The Competition for Great Highway: A Historical Analysis - Introduction
by Nicole Meldahl
February 2022
Everybody is talking about what should be done with Great Highway. Should it be closed to traffic and made into an expansive park activated by community programming? Should it stay open to traffic to ease the commute for those who can’t afford to live and work in San Francisco? Should it be open to cars during the week and made into a recreation sanctuary on weekends and holidays?
Since Western Neighborhoods Project (WNP) is not a political organization, it’s not for WNP to determine the outcome of this politicized debate; that should be the will of a democratic majority. But, these questions compelled us to research how the highway and the land around it have evolved over time. And, as it turns out, there is a long history of competing visions for San Francisco’s westernmost shore.
Great Highway and connecting Point Lobos Avenue exist because wealthy land owners wanted to bring people to the west side where an ever expanding array of amusement options seemingly rose from the sand like magic through the late 19th- and most of the 20th-centuries. Some land owners, like populist Adolph Sutro, sought to give San Franciscans affordable recreation opportunities while others wished to enhance the values of their property and grow their businesses. Often, it was a combination. These roads also exist as a testament to civic pride and the seemingly inevitable march of what we now call gentrification. Not dissimilar to today, community groups like neighborhood improvement clubs; cultural groups formed around common interests, like biking and drag racing; and real estate developers sculpted the landscape according to their desires.
View northeast toward Great Highway from Playland to Sutro Heights, June 1969 - Courtesy of a Private Collector
It’s never been contested that San Franciscans and visitors alike deserve easy access to a preserved shoreline that provides a place for them to relax and enjoy its amenities. But this means that any work on these roads must satisfy many overlapping needs. Historically, infrastructural upgrades to both Great Highway and Point Lobos Road have consistently balanced pedestrian access and recreational needs of the time with the ever-increasing prevalence of vehicles, from horse-drawn carriages to the modern automobile. This was (and continues to be) done alongside the herculean task of subduing migrating sand dunes while mitigating other environmental factors, like coastal erosion and waste management needs brought on by encroaching suburbs.

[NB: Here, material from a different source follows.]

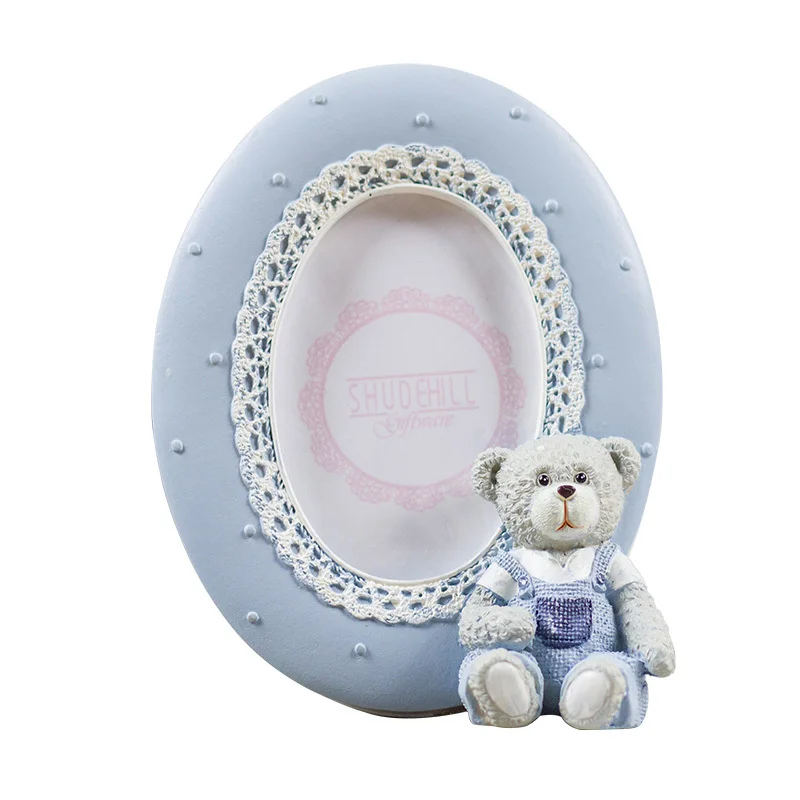 Милый медвежонок украшения для фоторамки 3 дюйма фото ребенка | Дом и сад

Ultimately, these roads have never just been about transit or public open space; they’re a mirror for the shifting priorities of the people who control the Outside Lands, which are as fluid as the sand beneath them. Whether they were bohemians or capitalists, saloon keepers or city engineers, landowners or shantytown squatters, bicyclists, surfers, or drag racers: Great Highway has gotten them all where they needed to go.

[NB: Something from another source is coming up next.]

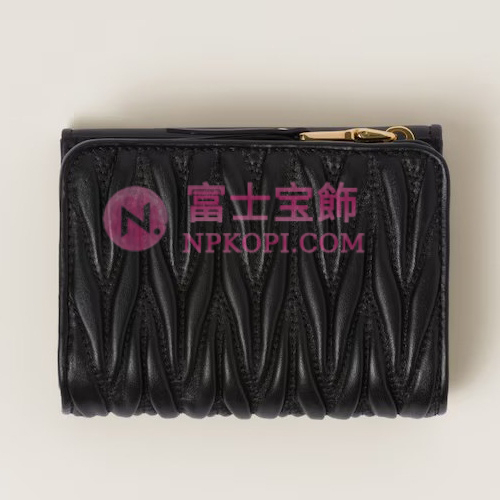 ミュウミュウスーパーコピーマテラッセレザー 財布5ML002_2FPP_F0002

Over the next two months, we’ll explore this history in a series of articles you’ll be able to find on our website, Outsidelands.org, as follows:
1. Beginnings: 1850s - 1880s
2. From Carville to Oceanside: 1890s - 1913
3. Seawalls and Stabilization: 1910s - 1920s
4. Playland and Beyond: 1930s - 1950s
5. The Modern Era: 1960s-1990s
6. The Current Debate: 2020-Now
Stay tuned to see if you can guess where this road will lead us.
View southeast toward Ocean Beach from future Cliff House site, circa 1855 - Marilyn Blaisdell Collection/Courtesy of a Private Collector
Editorial note: This article is the amalgamation of resources created for Western Neighborhoods Project by Woody LaBounty, Christopher Pollock, and Arnold Woods.

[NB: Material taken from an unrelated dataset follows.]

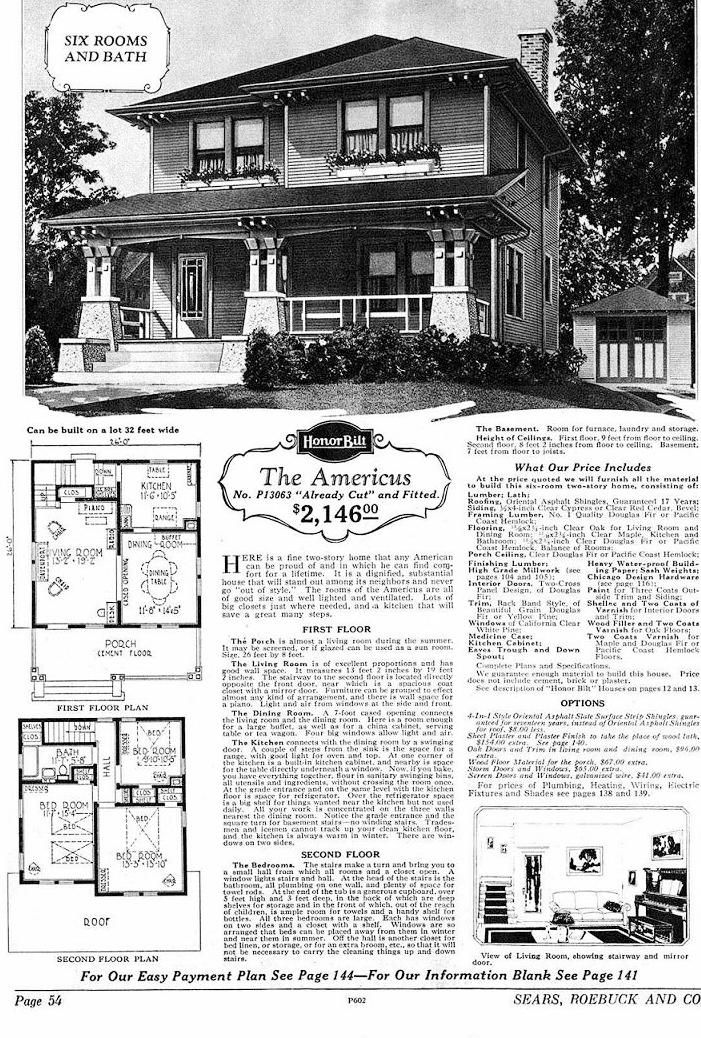 The Americus, as seen in the 1921 catalog.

The research into this history is ongoing and is not definitive. Any exploration into land ownership in San Francisco could actually be a very short story because this is the unceded ancestral territory of the Ramaytush Ohlone. That’s a complicated history we won’t be digging into here, as is how the land was divided up in the Spanish- and Mexican-eras. Those are subjects which merit their own thoughtful research.